▶ TASK GOAL
In the entries that follow, find the line containing "Young Living Giving"; from there, copy every line exactly through the line containing "8OO833 Alaska License Plate".

▶ RECORDS SHOWN
+--

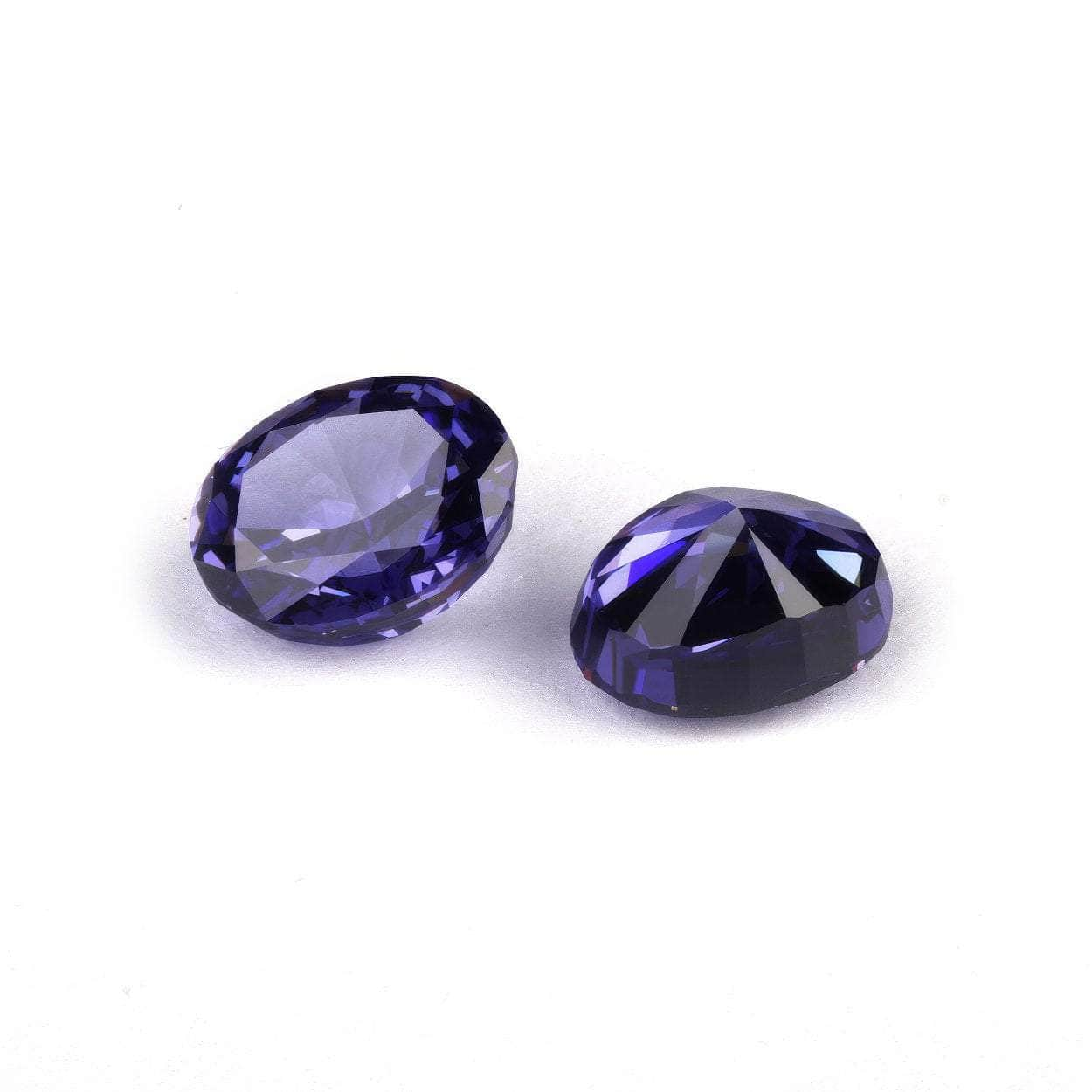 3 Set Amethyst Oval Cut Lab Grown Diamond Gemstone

+--

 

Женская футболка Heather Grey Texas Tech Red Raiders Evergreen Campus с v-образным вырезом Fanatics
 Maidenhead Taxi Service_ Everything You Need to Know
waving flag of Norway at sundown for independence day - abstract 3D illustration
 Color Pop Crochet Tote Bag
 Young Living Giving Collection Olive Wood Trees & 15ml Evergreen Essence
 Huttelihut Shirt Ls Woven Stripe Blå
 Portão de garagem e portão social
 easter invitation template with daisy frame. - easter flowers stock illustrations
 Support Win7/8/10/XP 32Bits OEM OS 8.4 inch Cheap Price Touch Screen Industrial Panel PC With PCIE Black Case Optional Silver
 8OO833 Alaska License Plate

+--

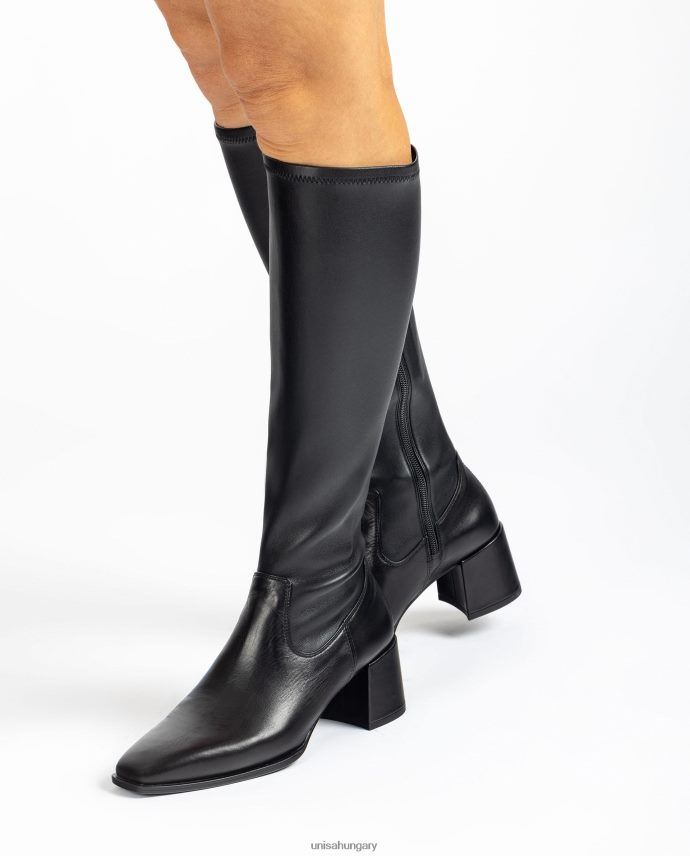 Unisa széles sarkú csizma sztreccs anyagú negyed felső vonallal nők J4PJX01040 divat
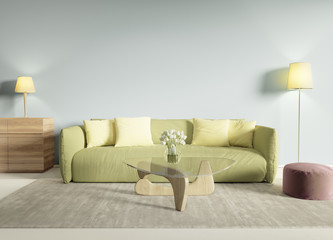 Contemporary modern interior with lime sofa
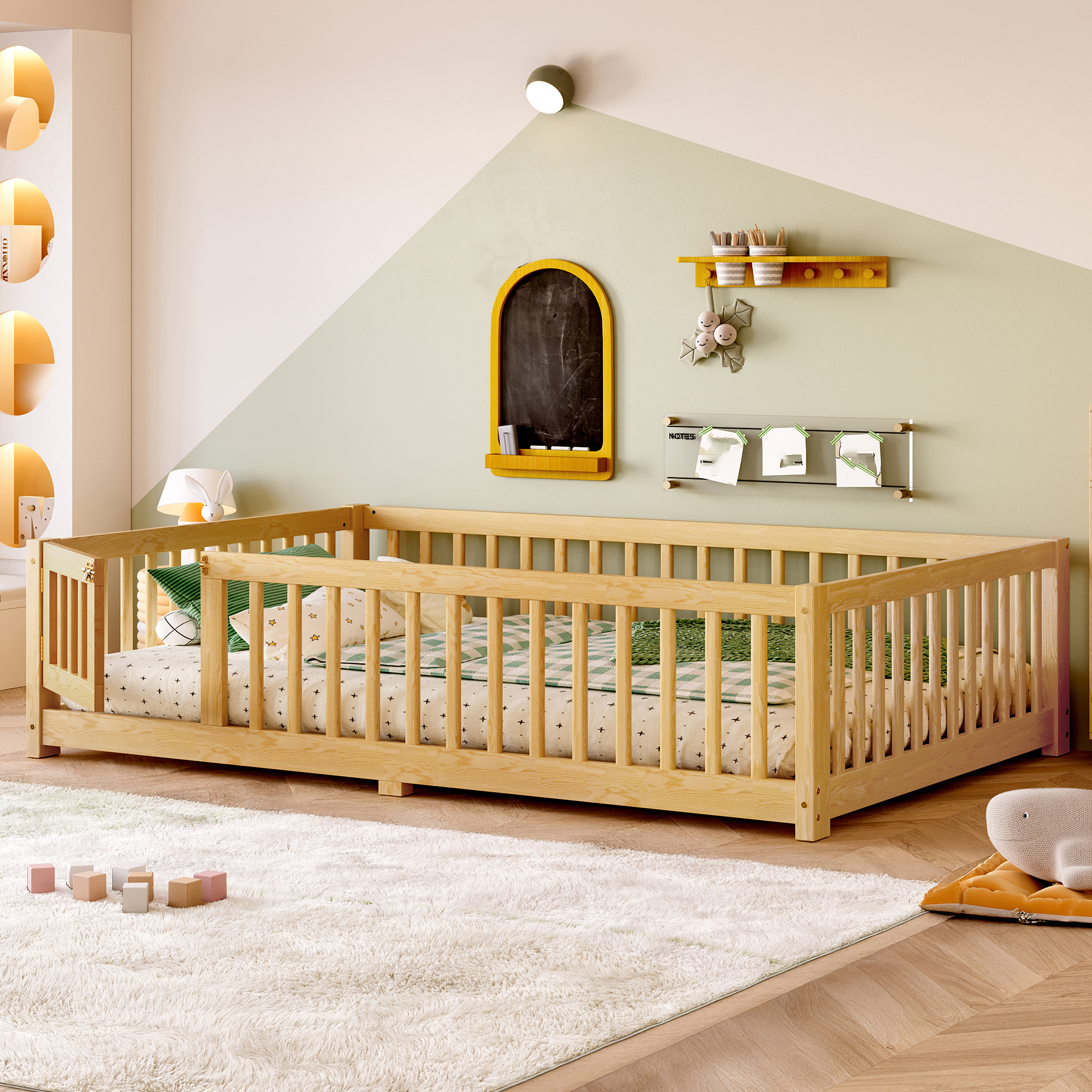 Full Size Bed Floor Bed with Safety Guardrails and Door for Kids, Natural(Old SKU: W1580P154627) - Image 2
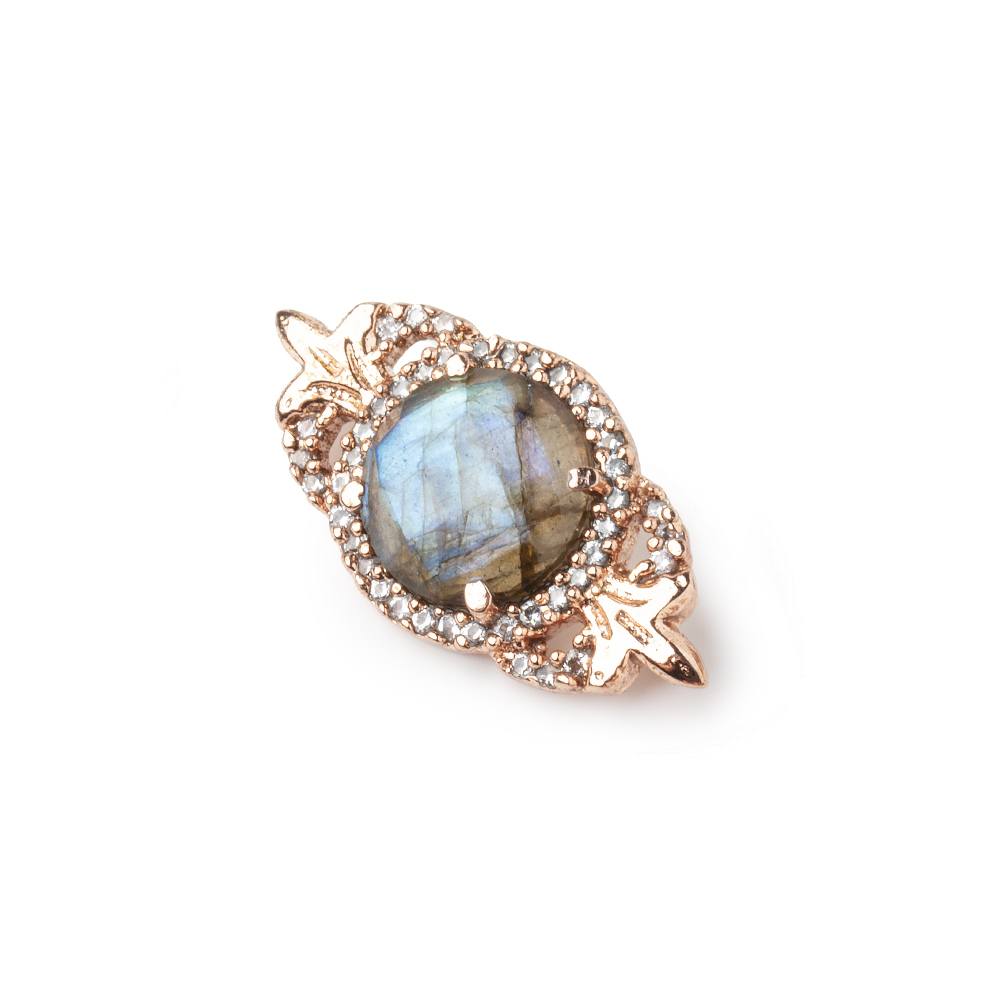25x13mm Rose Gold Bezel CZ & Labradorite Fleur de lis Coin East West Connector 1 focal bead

+--

▶ SOLUTION FOR THIS TASK
 Young Living Giving Collection Olive Wood Trees & 15ml Evergreen Essence
 Huttelihut Shirt Ls Woven Stripe Blå
 Portão de garagem e portão social
 easter invitation template with daisy frame. - easter flowers stock illustrations
 Support Win7/8/10/XP 32Bits OEM OS 8.4 inch Cheap Price Touch Screen Industrial Panel PC With PCIE Black Case Optional Silver
 8OO833 Alaska License Plate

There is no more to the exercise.